"Salon: You said after the 9/11 terrorist attacks that America itself is not innocent of terror.
McCarthy: That's right. It doesn't mean we should forgive those guys -- bin Laden and the rest. We shouldn't. But we need to be aware that we terrorized black people for 300 years, for nearly 100 years after the Emancipation. They were still being terrorized when we passed the civil rights legislation in the 1960s. The other effect that was a kind of terror was our buildup of nuclear weapons. When we produced the hydrogen bomb that was a so-called clean bomb -- it killed only living matter -- it didn't destroy trucks and tanks. They said you wouldn't have to rebuild the cities; the bomb only killed people. We're still not doing much about the terror of nuclear weapons."
Interview with Eugene McCarthy in Salon.com (they require you watch a brief commercial in order to read their articles. It's mostly painless!)
With the dearth of Reagan-worship going on these days, it is refreshing to read about a Democrat like Eugene McCarthy. His many years in the U.S. Senate and his unsuccessful attempts to win the presidency may have caused his name to fall by the wayside but he remains a Great Man just the same.

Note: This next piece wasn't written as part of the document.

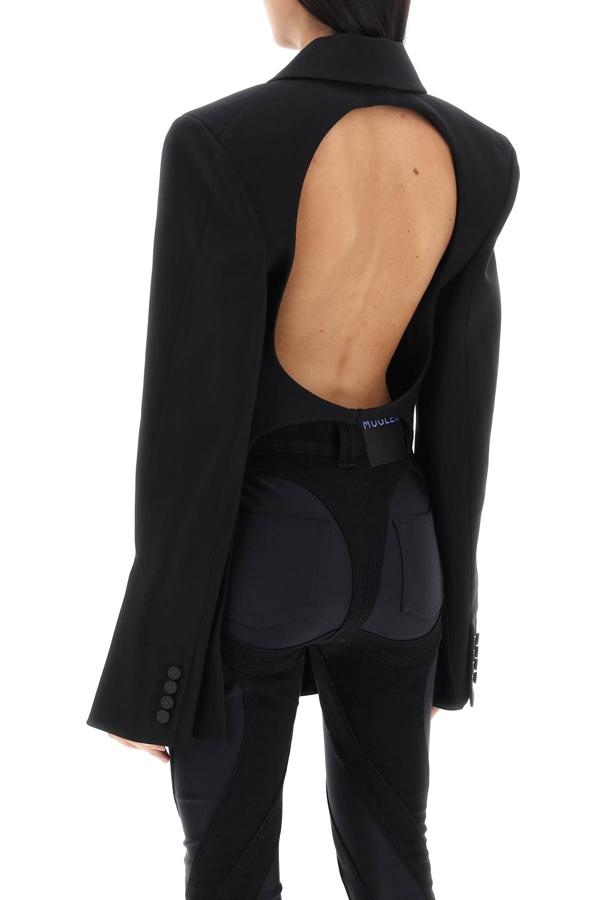 Mugler open-back tailored blazer - Black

He had the balls to run against his own Democratic Party because they had sunk America into a quagmire in Vietnam (during JFK's presidency) but Robert F. Kennedy's strong showing caused Eugene to drop out of the race. He was also the only elected public official willing to question the other famous McCarthy's insane, quasi-paranoid inquisition of suspected communist sympathisers. In post-WWII America, this was an act of bravery. Standing up against the seemingly-immovable status quo is always reserved for the most fearless of us all.
I wish that the current Democratic nominee (although he hasn't "formally accepted" this title yet) were made of fire and water like Eugene, instead of being carved completely out of wood. Yes, it is a little known fact but John Kerry is only a couple of termites away from becoming sawdust.
Of course, if I were an American citizen, I'd gladly vote for a pile of wood shavings over the current Diablus Horriblus, George W. Bush, in an instant. John Kerry can be expected to hold the line in terms of Iraq but he will definately make strides to reach out to other nations and rebuild some of the collective goodwill that Bush has so tragically destroyed. Bush's constant refusal to engage other nations on matters of global importance and the ballooning deficit (that originated due to his tax cuts for the rich) will probably result in his political downfall.
One stumbling block to a Democratic win in 2004 is John Kerry's fear of being a Liberal. Sometimes, he seems to try to appear more Right-wing than the Republicans (witness his fear of standing with the Pro-Choice folks, or even his assertion that he is against Gay marriage) but I think he'd still be an improvement over Bush. Don't even get me started on Nader. (I love Ralph's moral conviction but he may just split the vote again and that would be both bad for America and nightmarish for the rest of the world, ie. four more years of Bush-league politics).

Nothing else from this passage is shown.